▶ [Instructions to follow]: Exclude the pictures and retype the entries as written.

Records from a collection

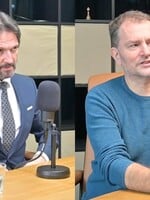 Politici sa u Oskara Baramiho nemusia báť kritiky: Influencerov používajú ako užitočných idiotov, hodnotí odborník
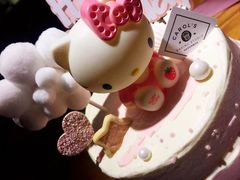 -CarolCake卡萝家(锦华万达店)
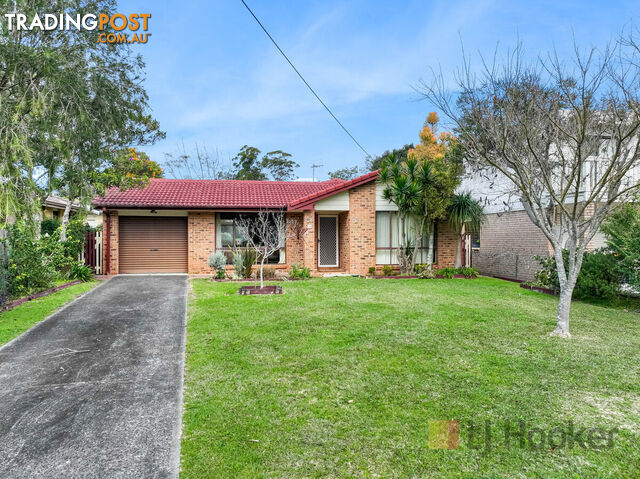 18 Leumeah Street SANCTUARY POINT NSW 2540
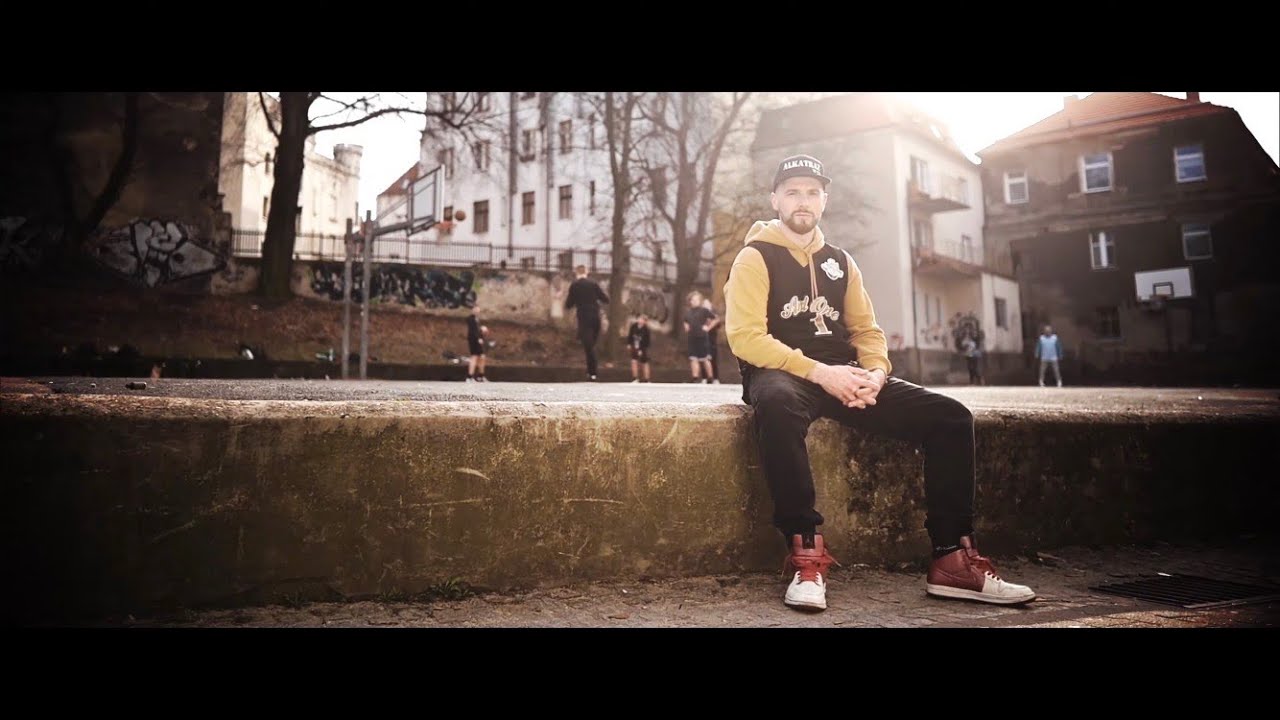 Kulas - 20 lat ALKATRAZ🏀 ft. DJ Morda prod. Dan Kanarion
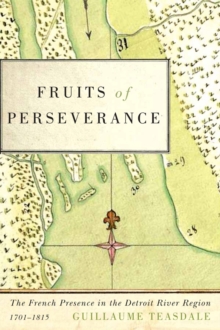 Fruits of Perseverance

▶ [Written solution]:
 Politici sa u Oskara Baramiho nemusia báť kritiky: Influencerov používajú ako užitočných idiotov, hodnotí odborník
 -CarolCake卡萝家(锦华万达店)
 18 Leumeah Street SANCTUARY POINT NSW 2540
 Kulas - 20 lat ALKATRAZ🏀 ft. DJ Morda prod. Dan Kanarion
 Fruits of Perseverance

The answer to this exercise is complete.